* **Exercise details**
An exact, complete printout of the listing is wanted, minus its images.

* **Record set**
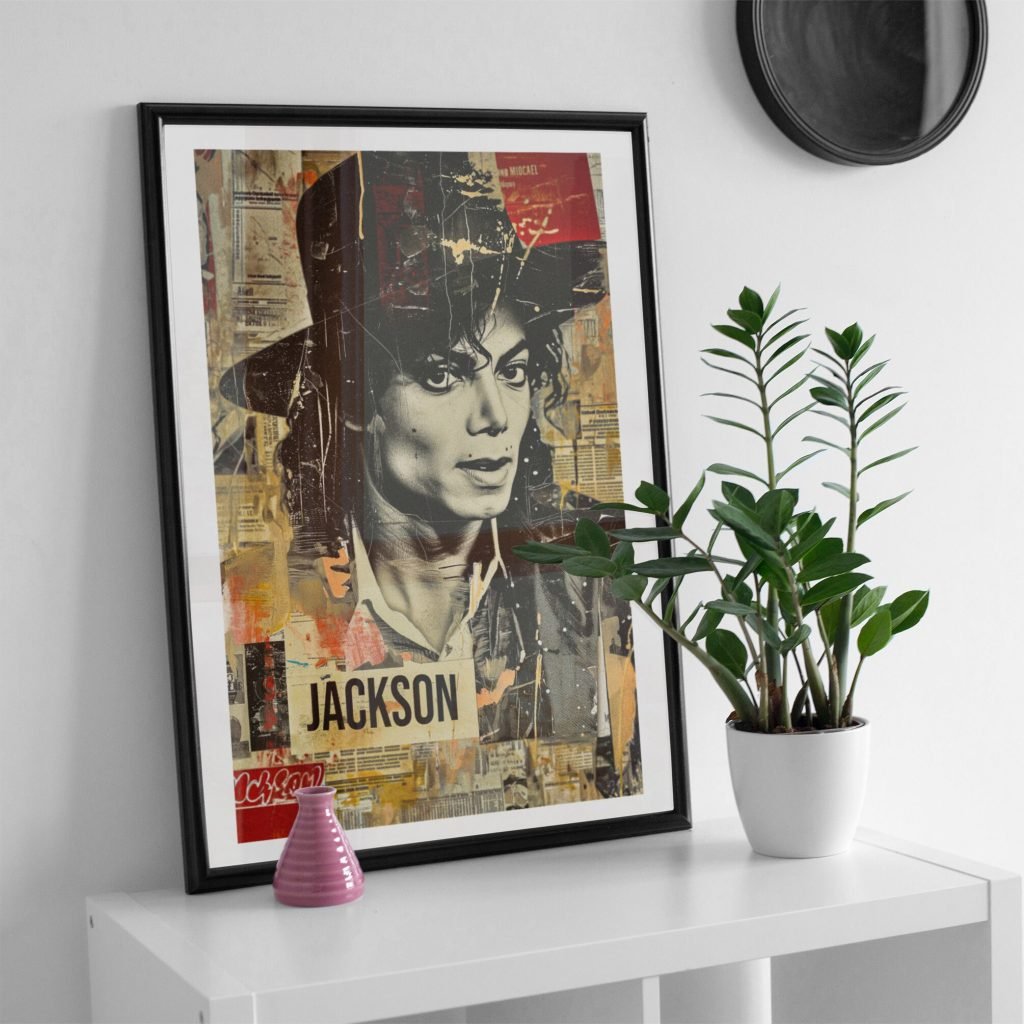 Michael Jackson King of Pop Canvas Wall Art Print - Music Poster - Image 6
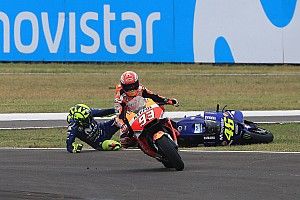 Las mejores historias de 2018, #12: Vuelan de nuevo chispas entre Rossi y Márquez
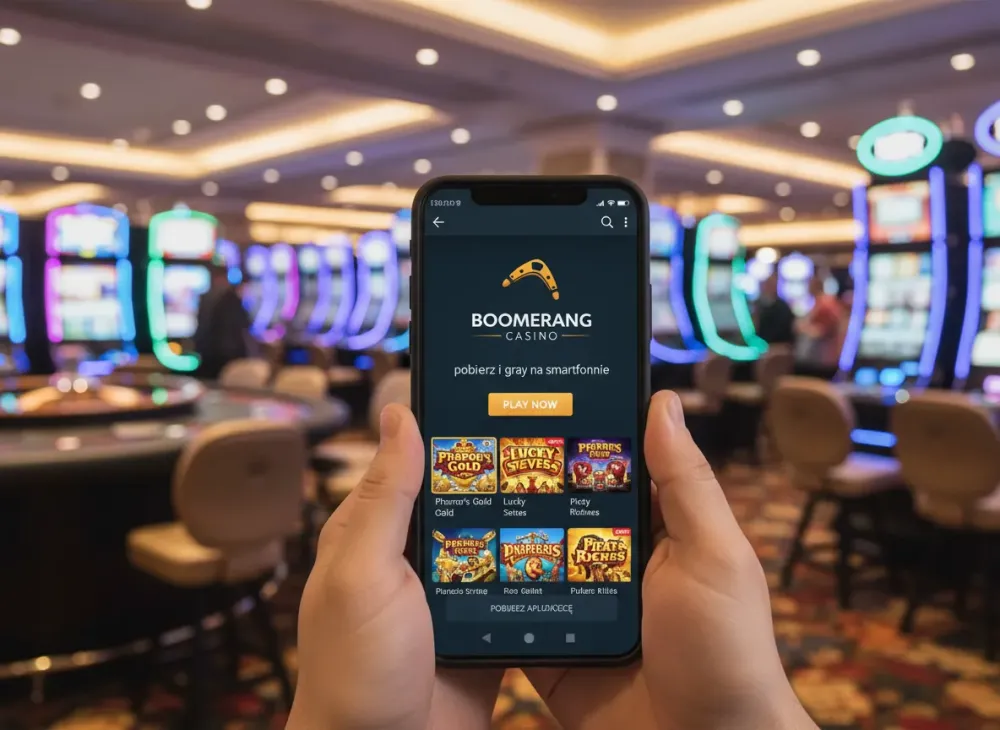 Boomerang casino aplikacja - pobierz i graj na smartfonie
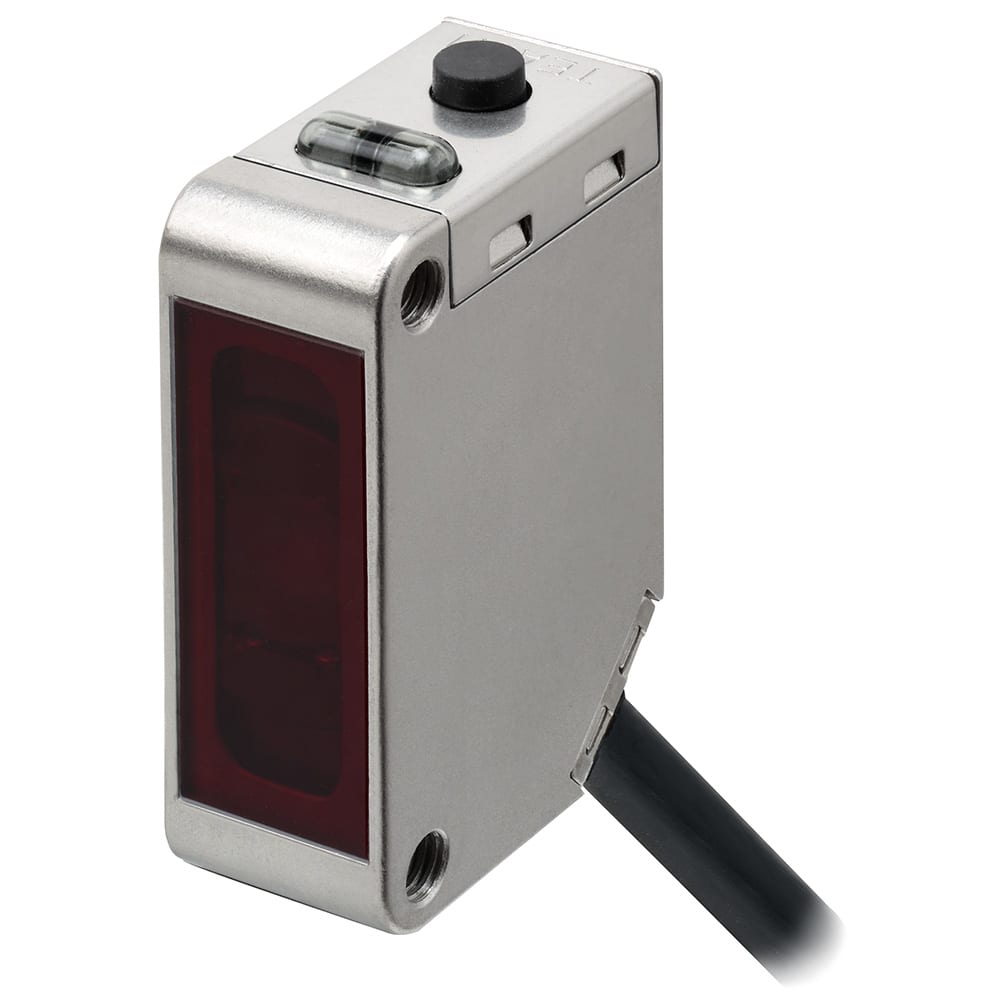 OMRON ELECTRONICS - sensore- min.acciaio trasp.0.5m PNP cavo2m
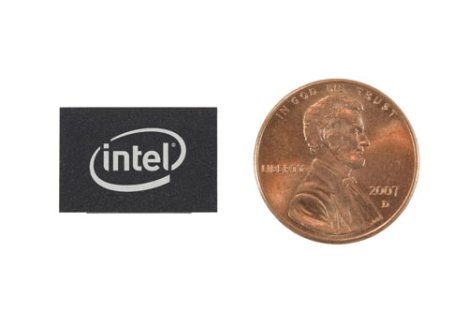 Intel Z-P140 the smallest SSD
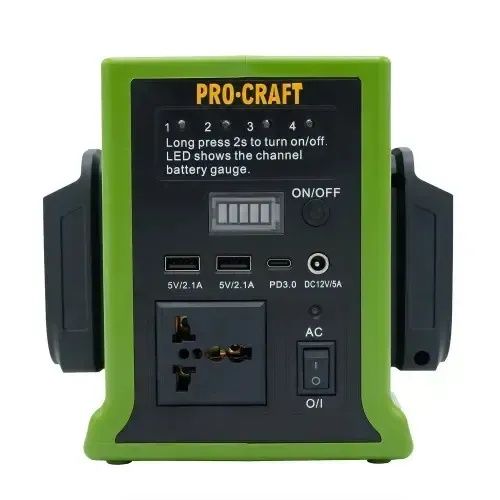 Аккумуляторный инвертор напряжения Procraft PSI20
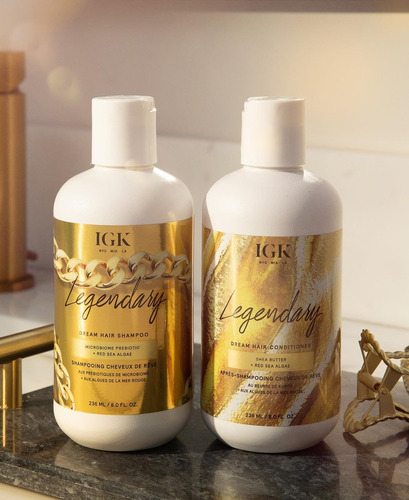 Conjunto De Shampoo E Condicionador Igk Legendary Dream Hair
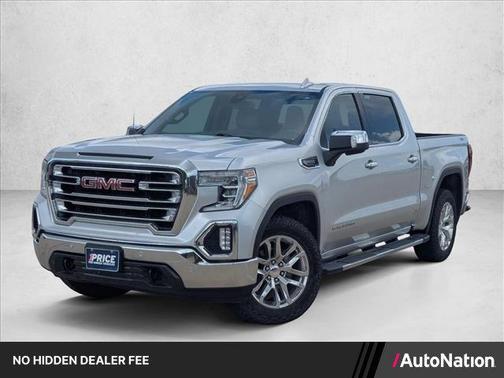 Quicksilver Metallic 2020 GMC Sierra 1500 SLT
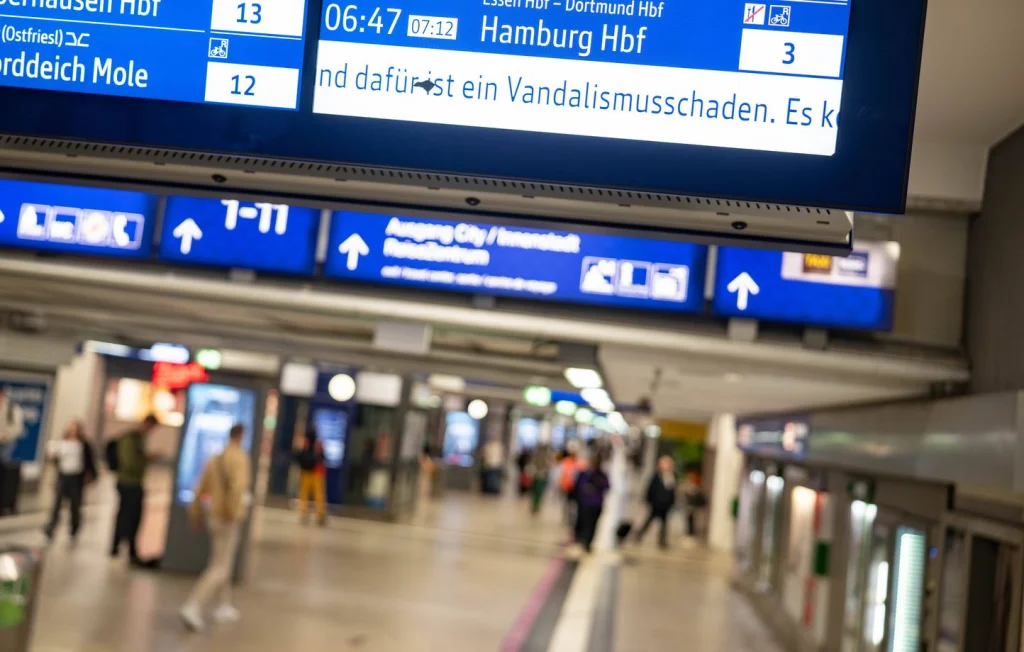 Kommando Angry Birds : sabotage ferroviaire en Allemagne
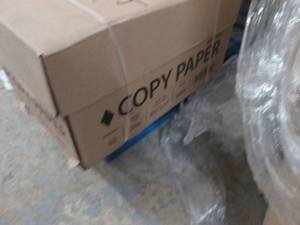 lot 151 image: Case of 5000 Multipurpose Copy Pape...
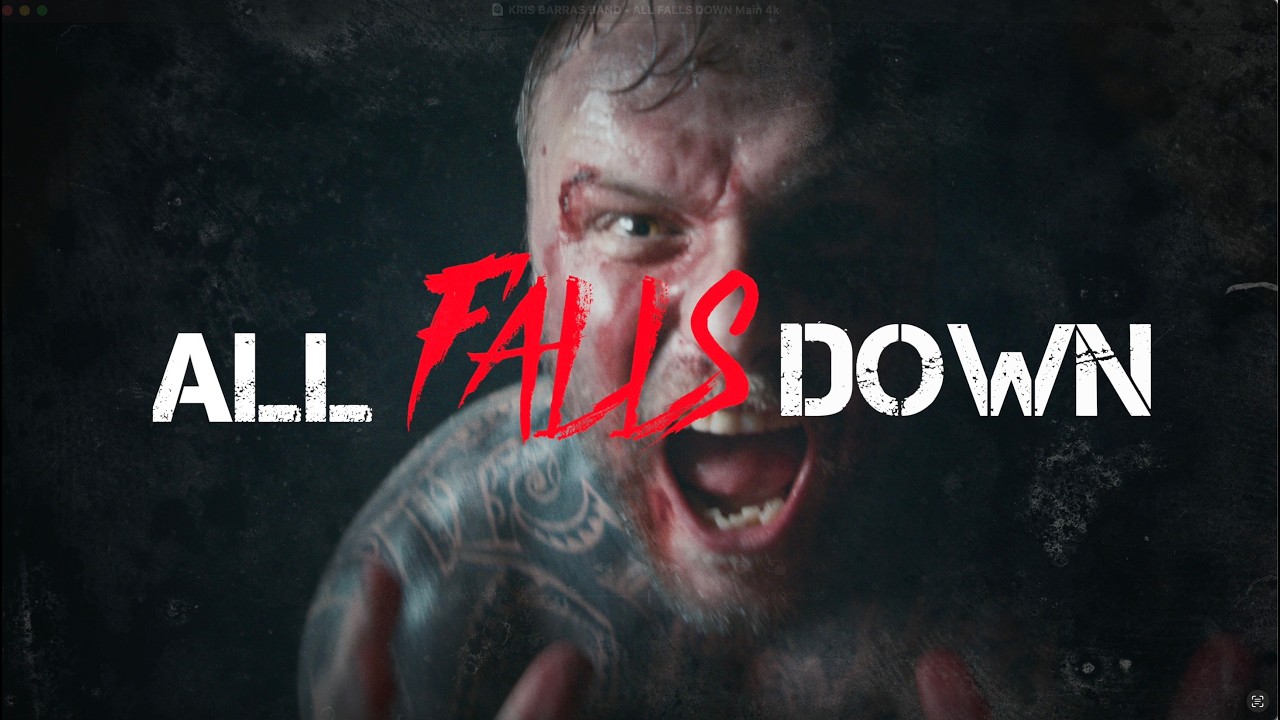 Kris Barras Band - All Falls Down (Official Video) - YouTube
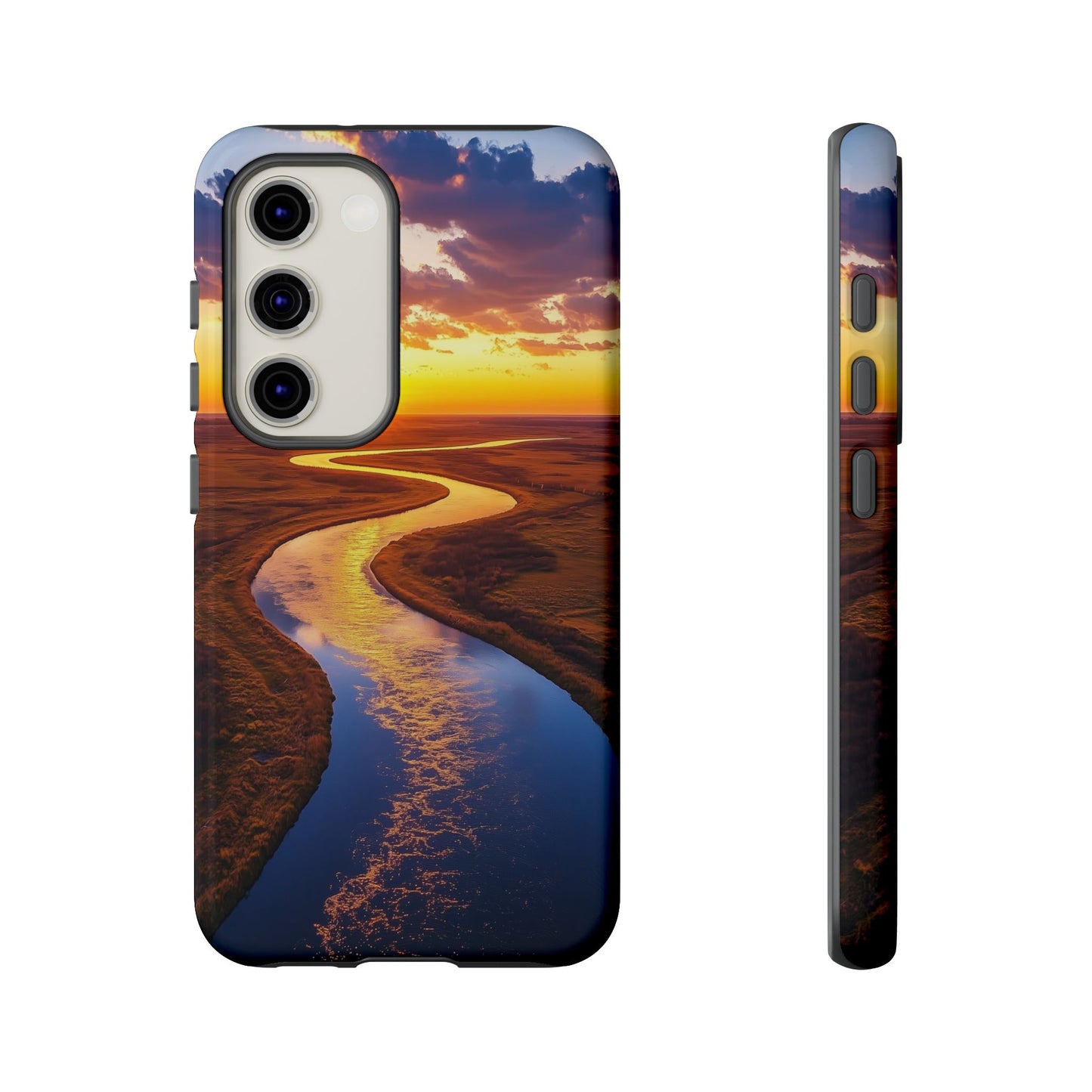 Calm Lake View Phone Case for iPhone, Samsung & Pixel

* **Solution for this exercise**
 Michael Jackson King of Pop Canvas Wall Art Print - Music Poster - Image 6
 Las mejores historias de 2018, #12: Vuelan de nuevo chispas entre Rossi y Márquez
 Boomerang casino aplikacja - pobierz i graj na smartfonie
 OMRON ELECTRONICS - sensore- min.acciaio trasp.0.5m PNP cavo2m
 Intel Z-P140 the smallest SSD
 Аккумуляторный инвертор напряжения Procraft PSI20
 Conjunto De Shampoo E Condicionador Igk Legendary Dream Hair
 Quicksilver Metallic 2020 GMC Sierra 1500 SLT
 Kommando Angry Birds : sabotage ferroviaire en Allemagne
 lot 151 image: Case of 5000 Multipurpose Copy Pape...
 Kris Barras Band - All Falls Down (Official Video) - YouTube
 Calm Lake View Phone Case for iPhone, Samsung & Pixel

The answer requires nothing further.